It seems shockingly hard to believe, but fall is almost upon us. This summer has been brief, cool and restless, blowing snow across the prairies and beaming hot sun upon our heads all within a week. Poor plants hardly know what to do with themselves, and my co-worker has daylilies that haven’t opened up yet. It’s the end of August, and that speaks for itself.

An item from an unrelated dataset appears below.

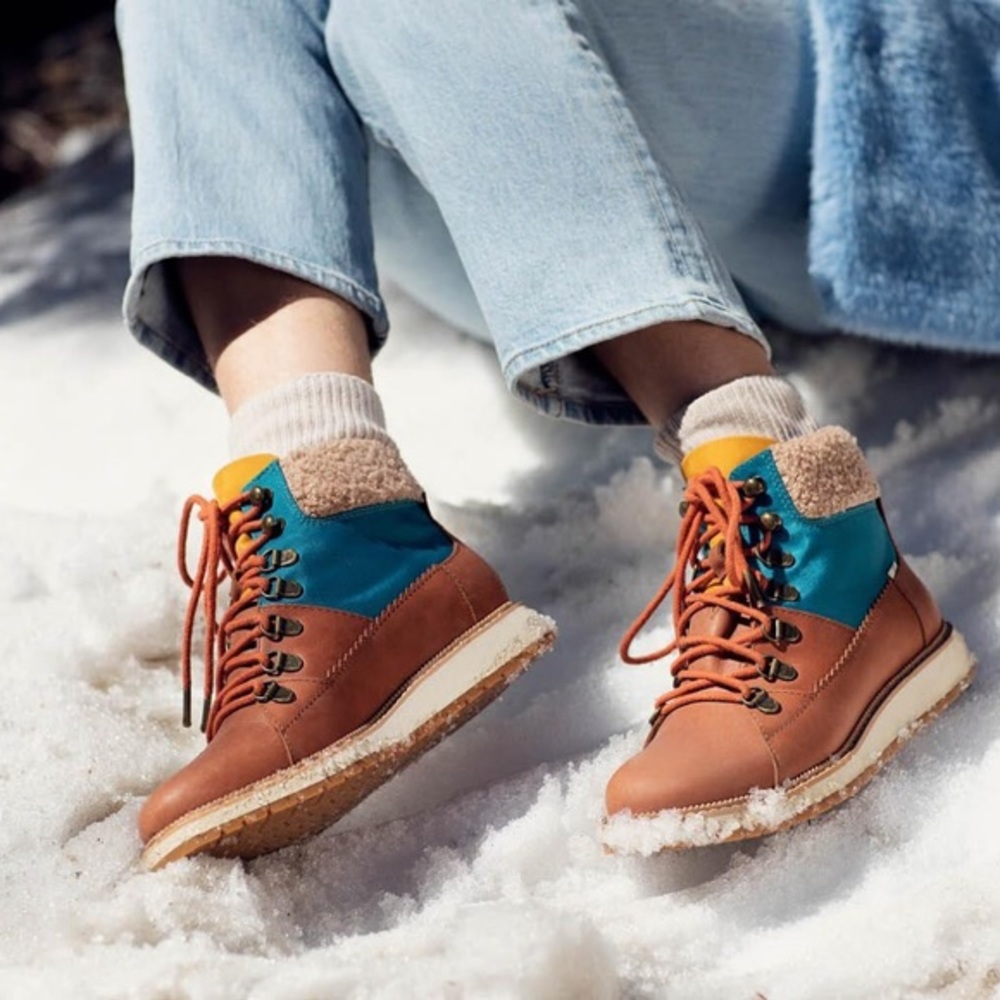 Toms Mesa boots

 In my garden all the flowers are shedding their last blooms, throwing off seeds and fluff and enjoying their last few weeks of light. Here’s some Friday photos of my last fall flowers.

 Last blooms - pink

Last blooms - yellow

 

For me fall is always bittersweet. On one hand it’s a beautiful season with everything changing colors and dressing up in striking yellows, reds and oranges, and on the other hand it’s the sadness of shorter days, the first hints of frost in the air, and the dying of the greens as they prepare for their long hibernation.  I’d take summer over any other season any day, but if I lived in the land of summer, I’d have to put up with year round spiders! So I don’t.

 

Last blooms - spider

The birth of a baby

My gardening ignorance knows no bounds, so for the longest time I wondered how exactly are tomatoes appear on the vine? I know this is a trite question to preoccupy my mind with, what with all the thinking I could be doing about world peace and the nature of happiness and all, but occupy me it did.

 

Normally I turn to Google to solve my quandaries, but for some reason, in this case the effort proved worthless. Experienced gardeners already knew the answer, and all I could find was chipperly ignorant answers from other first time gardeners. (Speaking of, I drove by a church readerboard the other day that proclaimed “Google does NOT have all the answers.” I guess that proves them right. Made me laugh.)

 

For weeks while I waited for something, anything to happen with the tomatoes who were flowering leisurely, I circled the plants like a hungry shark waiting for some sign of a bulge. Would it come from behind the flower like a cucumber?  Would it form inside the flower itself? I didn’t want to miss the moment that would answer this cruicial question so every day I checked for the telltale little green ball that would tell me my efforts would be rewarded.

 

And when finally, my first plant, the Black Prince, decided to reward my patience, and I had my answer. So I thought I’d share it with anyone else who may be wondering how exactly the magic happens and where to look for it next time. And then the photo turned out blurry. And then I cried. But I’ll post it anyway, because a crappy photo still solves the mystery once and for all. The flower wilts, people, wilts! And from BEHIND the wilted flower the tomato starts peeking out. First as a teeny little pea, and rather quickly grows to a large orange that proceeds to turn lighter and lighter until allegedly, it begins to ripen. But I’ll try and take a photo of that as it happens. Does it start on top? Side?…

 

Blurry baby tomato

 

Baby tomato got big

The evolution of a tomato:

 

It’s hard to describe just how much tomatoes love their self-watering containers, but these photos speak for themselves:

They went from this:

Seedlings

 

To this:

Evo - tall babies

 

To the great outdoors:

Evo - outside

 

Where they grew:

Evo - half way there

 

And became monsters: (notice no more window, they’re easily six feet tall)

Evo - jungle

 

And finally, finally weeks after they were expected they produced actual REAL tomatoes:

 Evo - actual tomatoes

 

This has been a very trying year for many gardeners and farmers. From late blight in many areas to a very late start to the season up north, from late thaws to a cold and windy and rainy summer, it seems like everything was stacked against poor crops this year. Probably this is, because I started a garden. But I’ve taken a look at many a friends’ garden patch to see how their ‘maters are doing, and after doing that I’m especially impressed by mine.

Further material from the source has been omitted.